The enhanced subsidies only last until the end of the year, however. Mr. Biden’s massive social welfare plan would extend the subsidy enhancement through 2025, but the broader package ran into opposition from centrist senators, forcing him to try and muscle crucial parts of the legislation through Congress instead.
Senior administration officials said they couldn’t preview talks with Congress, but the president has been clear about the need to extend the beefed-up subsidies.
“We looking forward to getting it done,” an official said.
Beyond the exchanges, nearly 19 million more Americans gained coverage under Obamacare’s expansion of Medicaid insurance for the poor. All but a dozen states have tapped into federal matching funds that pay for much of the cost of covering the expansion population.
Mr. Biden is expected to tout this portion of the law, which experts have described as the quiet workhorse of the program even as the private-insurance portals generate most of the headlines and legal disputes.
In states like Texas and Florida, which have declined to expand Medicaid, some Americans are caught in the so-called “coverage gap” because they earn too much to qualify for Medicaid but below the poverty level — the threshold needed to qualify for Obamacare subsidies.

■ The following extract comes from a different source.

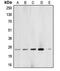 BCAS2 Pre-MRNA Processing Factor antibody, LS-C353244, Lifespan Biosciences, Western Blot image 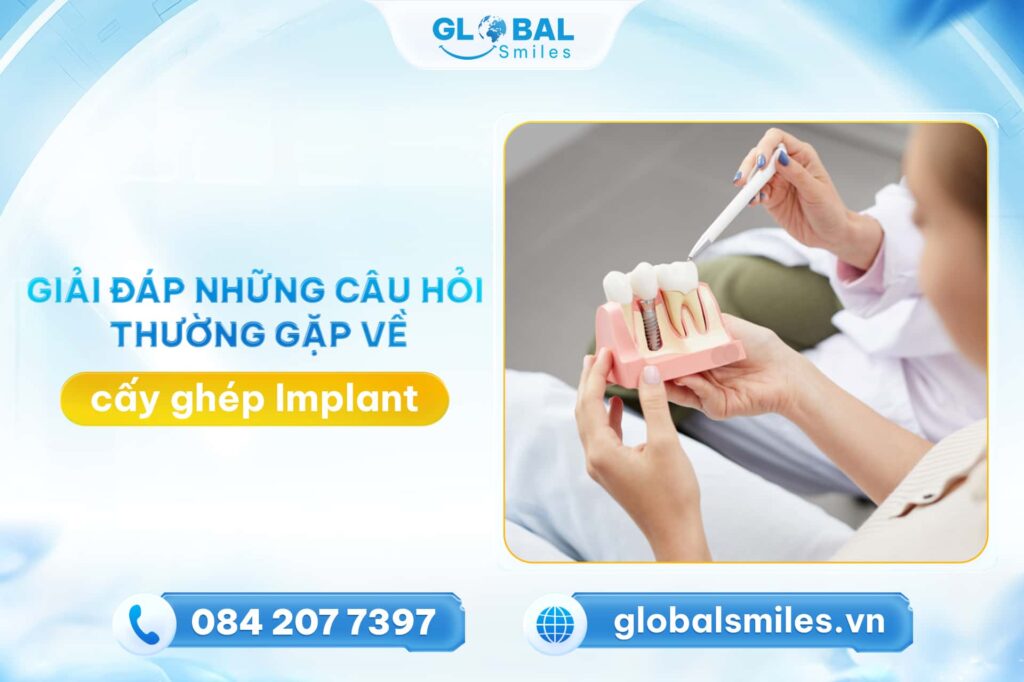 Giải đáp những câu hỏi thường gặp về Implant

Mr. Biden has proposed ways to smooth over the gap by offering to put these people in a form of Obamacare-exchange coverage with low costs, though he’s pressing Congress to pass that provision as part of his Build Back Better agenda, leaving the family glitch as something he could tackle as part of his celebration with his former boss.
Mr. Biden and Mr. Obama also plan to have lunch together Tuesday — just like old times.
“They are real friends, not just Washington friends,” Ms. Psaki said.